Volatile week wraps up with sizable decline

Associated Press The Spokesman-Review

NEW YORK – Wall Street ended a tumultuous week with a sharp decline Friday, backtracking following two days of stunning gains as investors turned cautious and cashed in some of their winnings. The Dow Jones industrial average still managed to record its first weekly advance of 2008, even as it fell more than 170 points on the day.

The week, which started with a 465-point drop in the Dow soon after the market opened Tuesday, showed that the stock market is still fractious but may be going through a healthy process of trying to establish a bottom following weeks of sharp declines.

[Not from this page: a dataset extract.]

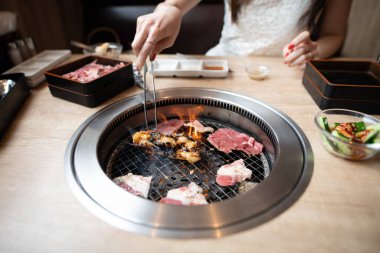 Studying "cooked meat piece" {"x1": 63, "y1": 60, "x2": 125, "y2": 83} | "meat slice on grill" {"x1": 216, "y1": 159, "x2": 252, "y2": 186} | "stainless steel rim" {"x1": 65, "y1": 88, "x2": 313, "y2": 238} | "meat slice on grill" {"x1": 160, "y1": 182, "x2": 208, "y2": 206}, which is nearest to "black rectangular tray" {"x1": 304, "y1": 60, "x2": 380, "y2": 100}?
"stainless steel rim" {"x1": 65, "y1": 88, "x2": 313, "y2": 238}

Investors had an initial burst of enthusiasm Friday, sending each of the major indexes up more than 1 percent, after upbeat profit reports from big names like Microsoft Corp. and word of a possible buyout of a troubled bond insurer. But the advance proved short-lived and the eventual decline wasn’t surprising given that investors putting down bets ahead of the weekend were coming off two days of big gains – including 400 points in the Dow.

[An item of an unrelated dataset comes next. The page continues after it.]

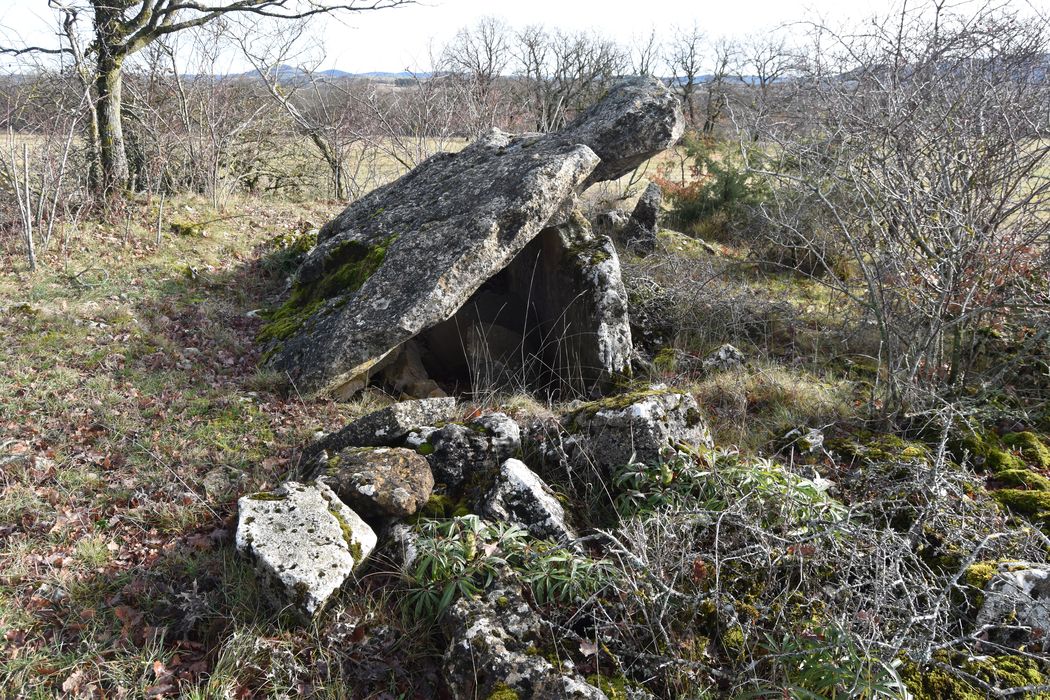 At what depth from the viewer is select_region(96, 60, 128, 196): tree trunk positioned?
10.1 m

“People may be looking to take some profits off the table in this volatile market. And there’s a lot of activity that’s coming up next week,” Scott Fullman, director of investment strategy for I. A. Englander & Co., said during the day’s back-and-forth trading.

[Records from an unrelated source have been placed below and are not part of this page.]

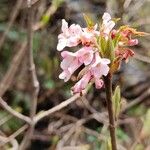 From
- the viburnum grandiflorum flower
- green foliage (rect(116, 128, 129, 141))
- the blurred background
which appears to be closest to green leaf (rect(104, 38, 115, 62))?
the viburnum grandiflorum flower

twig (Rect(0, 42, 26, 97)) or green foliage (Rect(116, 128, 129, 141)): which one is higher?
twig (Rect(0, 42, 26, 97))

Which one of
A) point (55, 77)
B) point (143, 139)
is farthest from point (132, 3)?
point (55, 77)

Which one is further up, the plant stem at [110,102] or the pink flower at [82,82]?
the pink flower at [82,82]

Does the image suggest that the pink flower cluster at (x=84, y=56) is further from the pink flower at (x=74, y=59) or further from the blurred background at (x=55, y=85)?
the blurred background at (x=55, y=85)

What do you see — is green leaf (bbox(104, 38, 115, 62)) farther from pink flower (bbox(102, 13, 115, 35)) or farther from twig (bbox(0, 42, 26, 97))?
twig (bbox(0, 42, 26, 97))

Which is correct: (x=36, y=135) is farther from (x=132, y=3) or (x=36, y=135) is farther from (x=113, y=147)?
(x=113, y=147)

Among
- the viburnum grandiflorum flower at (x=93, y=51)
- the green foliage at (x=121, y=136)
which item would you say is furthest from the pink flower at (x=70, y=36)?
the green foliage at (x=121, y=136)

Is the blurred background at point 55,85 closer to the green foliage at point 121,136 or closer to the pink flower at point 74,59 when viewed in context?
the green foliage at point 121,136

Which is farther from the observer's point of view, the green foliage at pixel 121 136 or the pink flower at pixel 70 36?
the green foliage at pixel 121 136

President Bush is scheduled to deliver his State of the Union address Monday. Meanwhile, the Federal Reserve is expected to hold its first regularly scheduled meeting of the year on Tuesday and Wednesday, and then the Labor Department will weigh in on the state of the job market on Friday.

Despite the pullback, Wall Street’s tone Friday stood in sharp contrast to the intensely dour mood that hung over the market when the week began. While U.S. markets were closed Monday for Martin Luther King Jr. Day, stocks in Asia and Europe plunged amid fears of a precipitous slowdown in the U.S. economy. To stave off a similar sell-off in the U.S. over recession fears, the Fed stepped in before the opening bell Tuesday with an emergency interest rate cut.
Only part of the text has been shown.